**Data provided:**
· · · ·

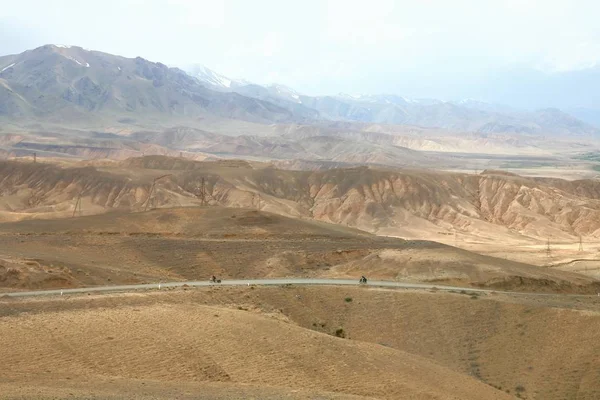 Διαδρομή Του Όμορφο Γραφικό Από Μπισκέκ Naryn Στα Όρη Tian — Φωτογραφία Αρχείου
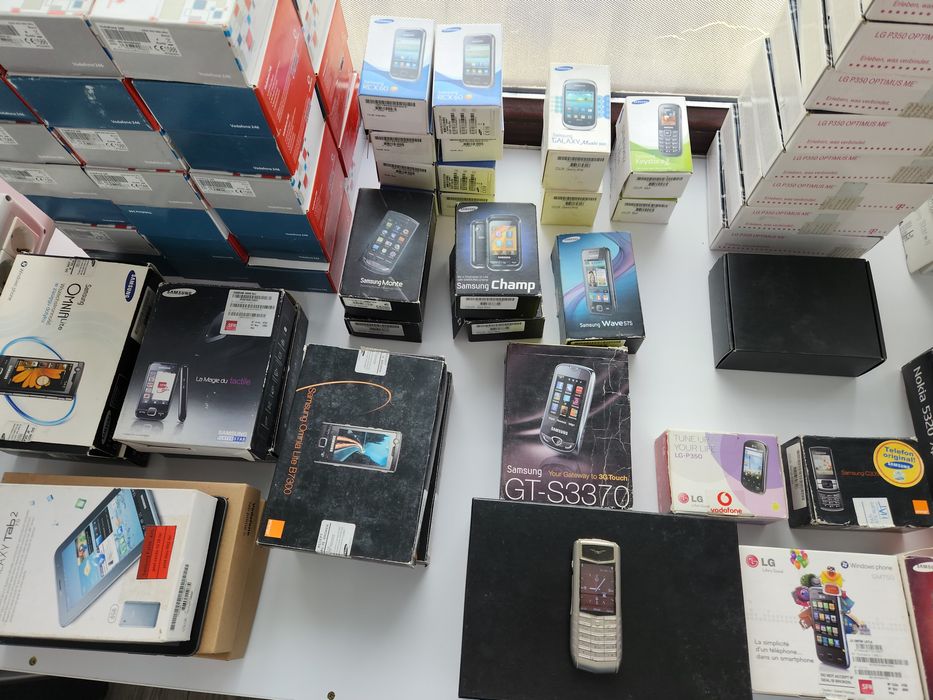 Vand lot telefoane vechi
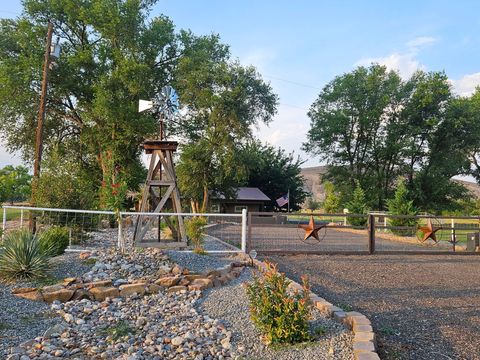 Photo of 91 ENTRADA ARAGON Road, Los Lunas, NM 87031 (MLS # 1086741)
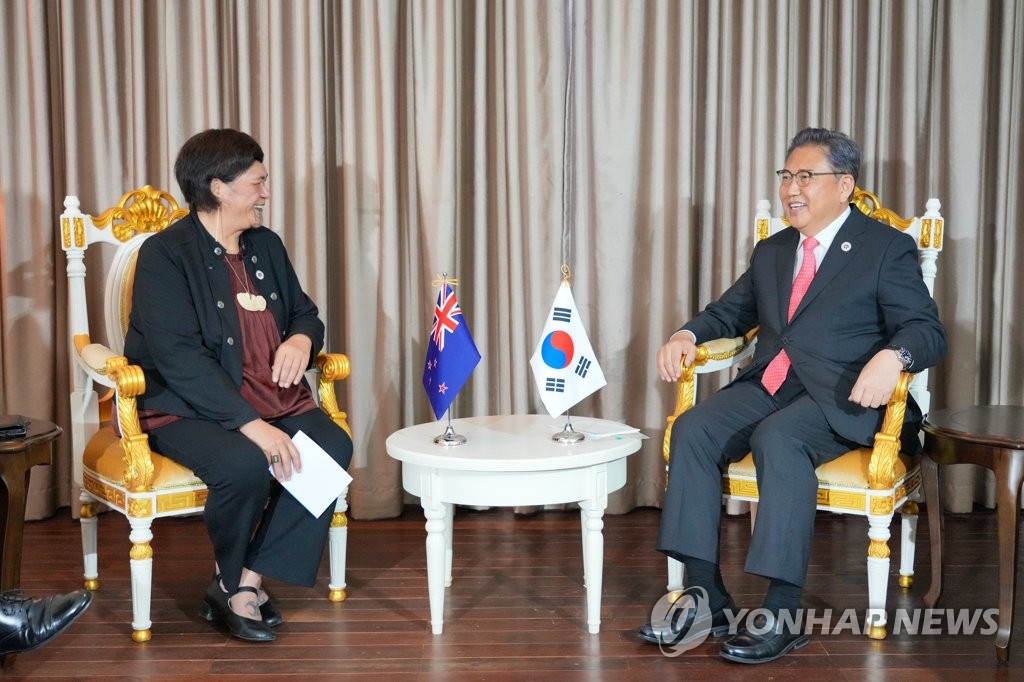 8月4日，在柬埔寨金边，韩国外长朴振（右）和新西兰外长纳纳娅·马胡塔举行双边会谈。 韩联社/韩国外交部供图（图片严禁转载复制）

· · · ·

**Exercise:** Return the listing above in full and exactly, omitting all pictures.

**Exercise solution:**
 Διαδρομή Του Όμορφο Γραφικό Από Μπισκέκ Naryn Στα Όρη Tian — Φωτογραφία Αρχείου
 Vand lot telefoane vechi
 Photo of 91 ENTRADA ARAGON Road, Los Lunas, NM 87031 (MLS # 1086741)
 8月4日，在柬埔寨金边，韩国外长朴振（右）和新西兰外长纳纳娅·马胡塔举行双边会谈。 韩联社/韩国外交部供图（图片严禁转载复制）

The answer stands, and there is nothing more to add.